Flicking through the Indian version, which is in English, is an experience akin to traversing a time warp of about 20 years. The photographs (the January issue has a memorable one of an Indian woman lolling in bed with boyfriend and cigarette under the headline, 'Overcoming Sexual Shyness'), the layout and text are all vintage Cosmo, the hand of Helen Gurley Brown in her prime being clearly visible. In fact, any edition which might wish to recreate exactly the Cosmopolitans of two decades ago is welcome to borrow a wealth of archive material from the New York office.
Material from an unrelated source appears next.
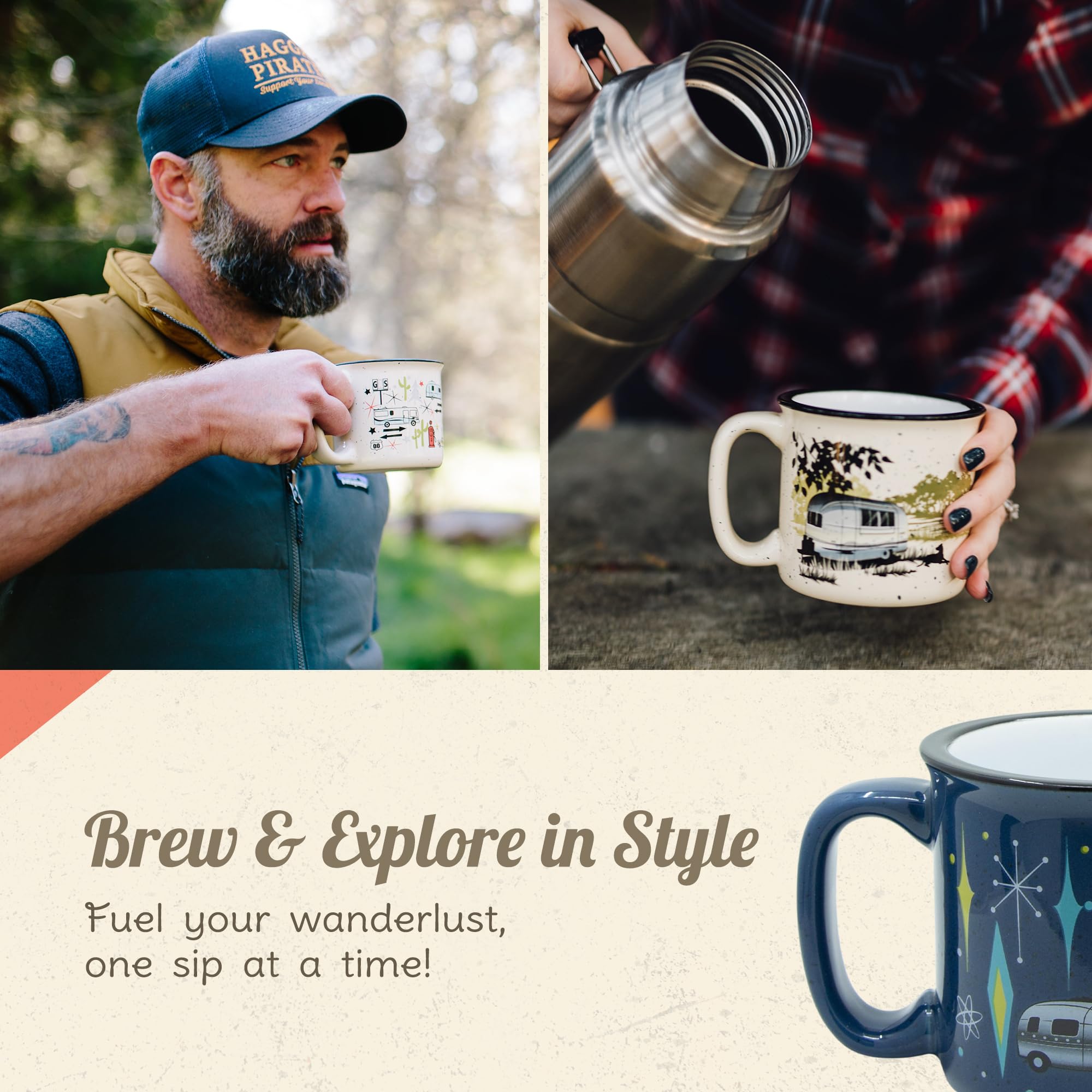 Ceramic Coffee Mug - 15 oz Retro Inspired Camping Mug - for Hot & Cold Drinks - Works as a Tea, Soup, & Coffee Mug - Stylish, Ve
This is what the Indian editorial team has decided will suit their market and perhaps they have a point. 'Not every country is at the same speed,' Green observes of the sexual revolution. At the same time, however, there are also editions of Cosmopolitan which have raced ahead and outgrown their mother's lengthy embrace. Gurley Brown has no children - she never wanted them, she says - and it does not please her to see her print offspring become too independent. 'Occasionally we get a new young editor who wants to make her mark,' she says. 'You don't need a Baby Jane to go in and re-invent the wheel . . .' One of the offenders is British Cosmopolitan, which is much harder-edged than its American sister. 'We're talking tabloid journalism,' says Gurley Brown with some feeling. 'I wasn't happy with that. They wanted to do something a little more exploitation-like. I'm a very sensible girl and if that's the way they want to retain readership, that's fine. But Kim and I are exhorting our editions not to go that route.' HONG KONG Cosmopolitan, for one, can hardly be accused of racing ahead like its British stablemate. Its 12-year history is more akin to a cautious canter considering Asian sensibilities with sex. 'You couldn't call us conservative ... we are an elegant magazine, very feminine,' says Hong Kong Cosmo chief editor Ruqi Yah Law. 'You know Hong Kong culture is different from the West so we run fewer sex stories. Sex is one of Cosmo's signature topics so we still run it. But we generally use sex material from the US. Occasionally, if the topic isn't right for HK, we'll add in some local stuff, advice, that sort of thing. Sometimes the pictures can be too explicit or the words too explicit when translated into Chinese.' That hasn't stopped the local Cosmo from starting up its own signature topics like the much sought-after annual sex guide in August. The local edition goes for a 50-50 split between Hong Kong and US material, rather than the usual 70-30 cut. Last year's guide ran articles on how to enjoy sex more, sex-related questions and answers - health, sexual positions, condoms, safe sex, different examples of how your environment can make sex even more perfect and more romantic, exercises you can do to make sex better and so on. Such topics may not sound like rigid deference to Asian sensibilities but for Law it is a question of advcie.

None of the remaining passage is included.